When General Electric Co. (NYSE: GE) reports earnings Friday, the question on investors' minds will be whether the company's industrial and entertainment businesses can pick up the slack from the decline from the finance side.

Most of GE's growth has come from is finance businesses over the past decade, according to the Wall Street Journal (subscription required). That's going to change because its WMC Mortgage unit is a big player in the suprime mortgage market which has recently melted down.

WMC Mortgage rival New Century Financial Inc. (NYSE: NEW) filed for Chapter 11 bankruptcy protection. It remains unclear how badly the General Electric business has been affected though Reuters recently reported that WMC Mortgage had some of the worst-performing loans in the benchmark index for home equity asset-backed securities.
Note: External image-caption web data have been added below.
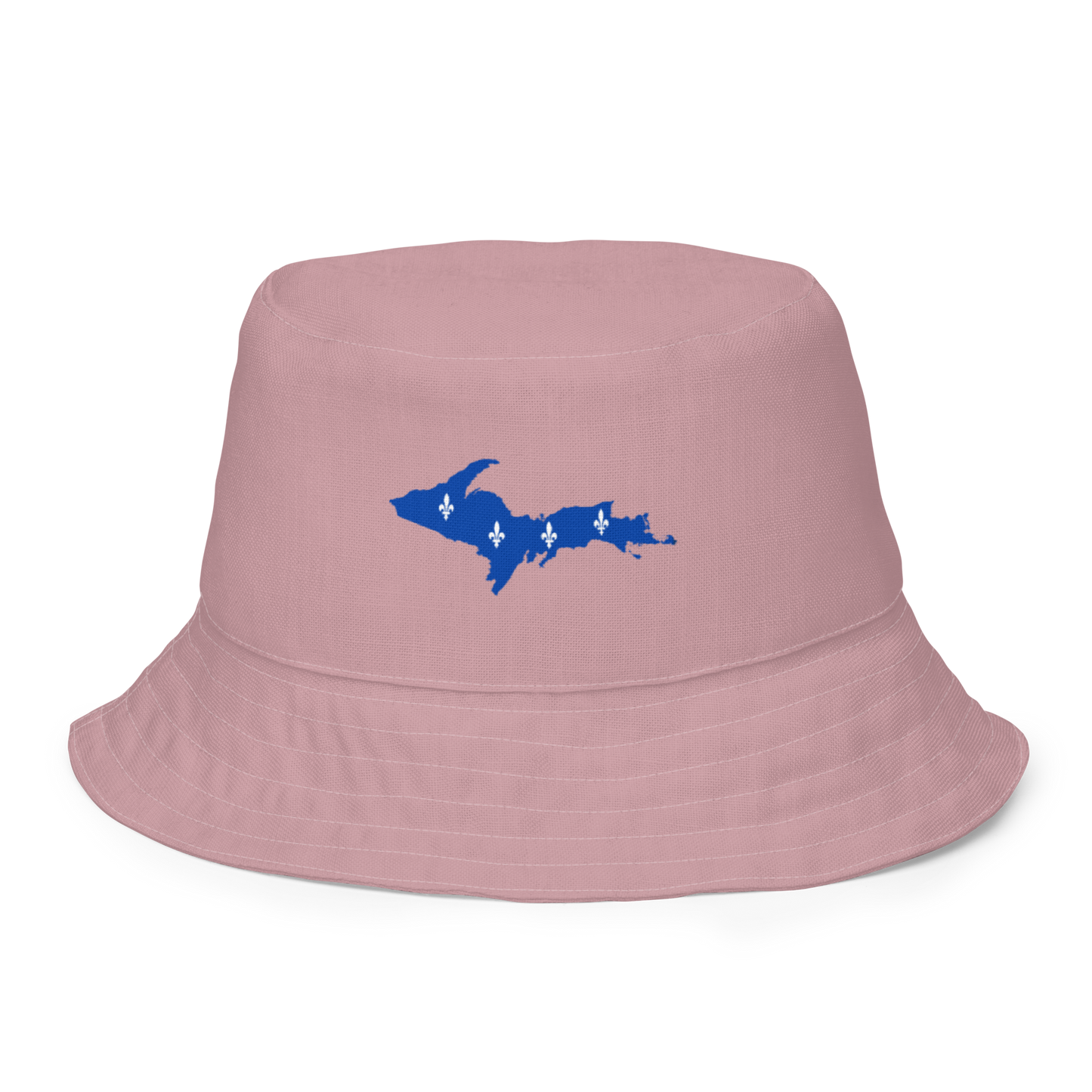 Michigan Upper Peninsula Bucket Hat (w/ UP Quebec Flag) | Reversible - Cherry Blossom Pink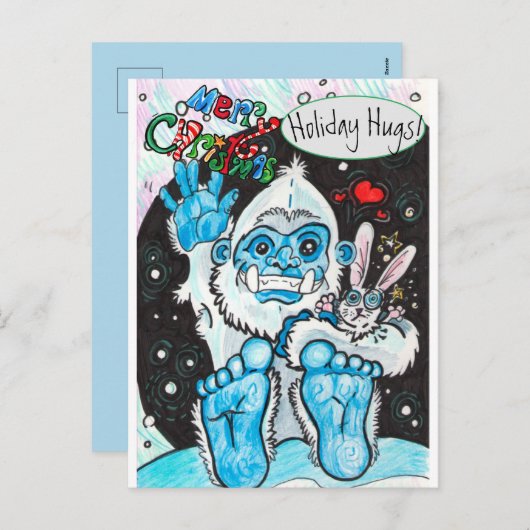 Yeti Holiday Hugs Feiertagspostkarte (Vorne/Hinten)
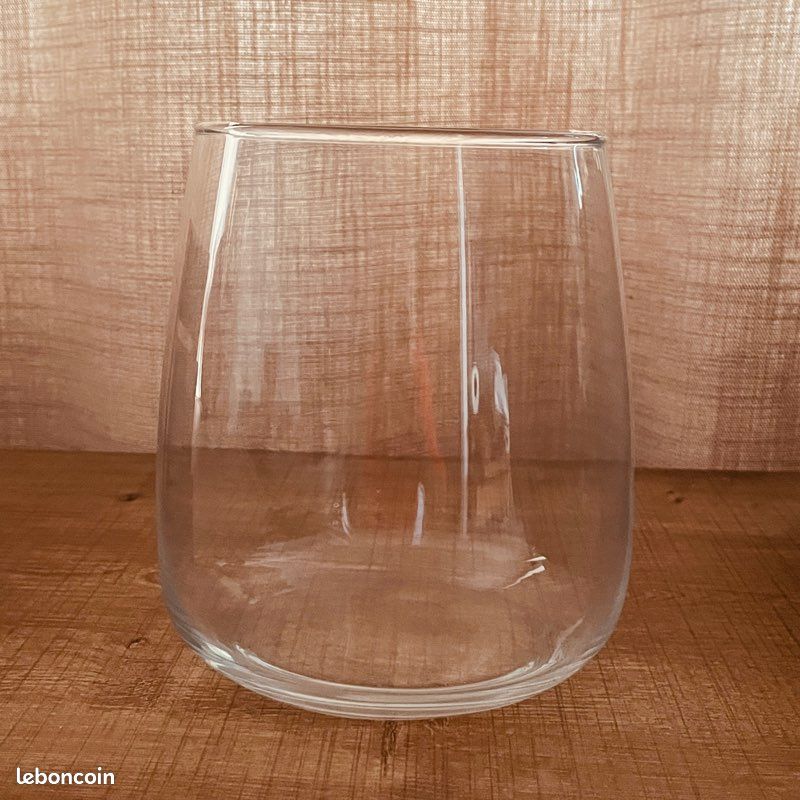 Vase Ancien En Verre Gravé - Fond Opaque - Déco Artisanale Vintage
General Electric's strength is that if one of its businesses falters, others can make up for the shortfall.

Consider power generation. Remember that about 245 gigawats of new generating capacity will be needed by 2030, which is equal to about 817 new nuclear power plants, according to data from the Energy Information Administration posted on the Web site of the Edison Electric Institute, a utility trade group.

NBC Universal, long a laggard, is showing signs of life thanks to improvements in the NBC television network. No one should buy GE's stock just because they like "Deal or No Deal." That unit is the smallest by revenue, while its Infrastructure business, which includes power generation is the largest.

Analysts are expecting General Electric to have earnings of 44 cents on revenue of $39.83 billion, according to Thomson Financial.